Value Functions¶

`keras_gym.V`	A state value function \(s\mapsto v(s)\).
`keras_gym.QTypeI`	A type-I state-action value function \((s,a)\mapsto q(s,a)\).
`keras_gym.QTypeII`	A type-II state-action value function \(s\mapsto q(s,.)\).

class keras_gym.V(function_approximator, gamma=0.9, bootstrap_n=1, bootstrap_with_target_model=False)[source]¶

A state value function \(s\mapsto v(s)\).

Parameters:

function_approximator : FunctionApproximator object: The main function approximator.
gamma : float, optional: The discount factor for discounting future rewards.
bootstrap_n : positive int, optional: The number of steps in n-step bootstrapping. It specifies the number of steps over which we’re willing to delay bootstrapping. Large \(n\) corresponds to Monte Carlo updates and \(n=1\) corresponds to TD(0).
bootstrap_with_target_model : bool, optional: Whether to use the target_model when constructing a bootstrapped target. If False (default), the primary predict_model is used.

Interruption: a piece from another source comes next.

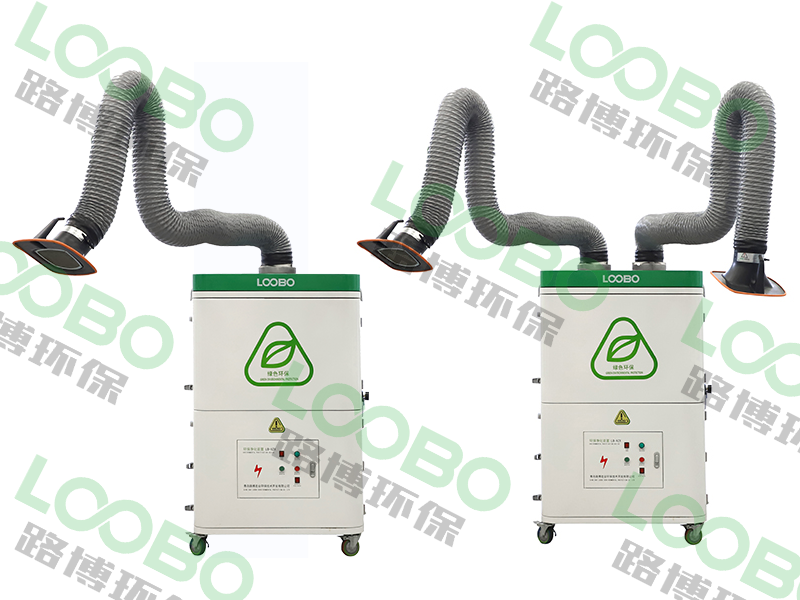 你選對(duì)了嗎？移動(dòng)式焊接煙塵凈化器，產(chǎn)品性能簡(jiǎn)述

__call__(self, s, use_target_model=False)[source]¶

Evaluate the Q-function.

Parameters:	s : state observation A single state observation. use_target_model : bool, optional Whether to use the target_model internally. If False (default), the predict_model is used.
Returns:	V : float or array of floats The estimated value of the state \(v(s)\).

batch_eval(self, S, use_target_model=False)[source]¶

Evaluate the state value function on a batch of state observations.

Parameters:	S : nd array, shape: [batch_size, …] A batch of state observations. use_target_model : bool, optional Whether to use the target_model internally. If False (default), the predict_model is used.
Returns:	V : 1d array, dtype: float, shape: [batch_size] The predicted state values.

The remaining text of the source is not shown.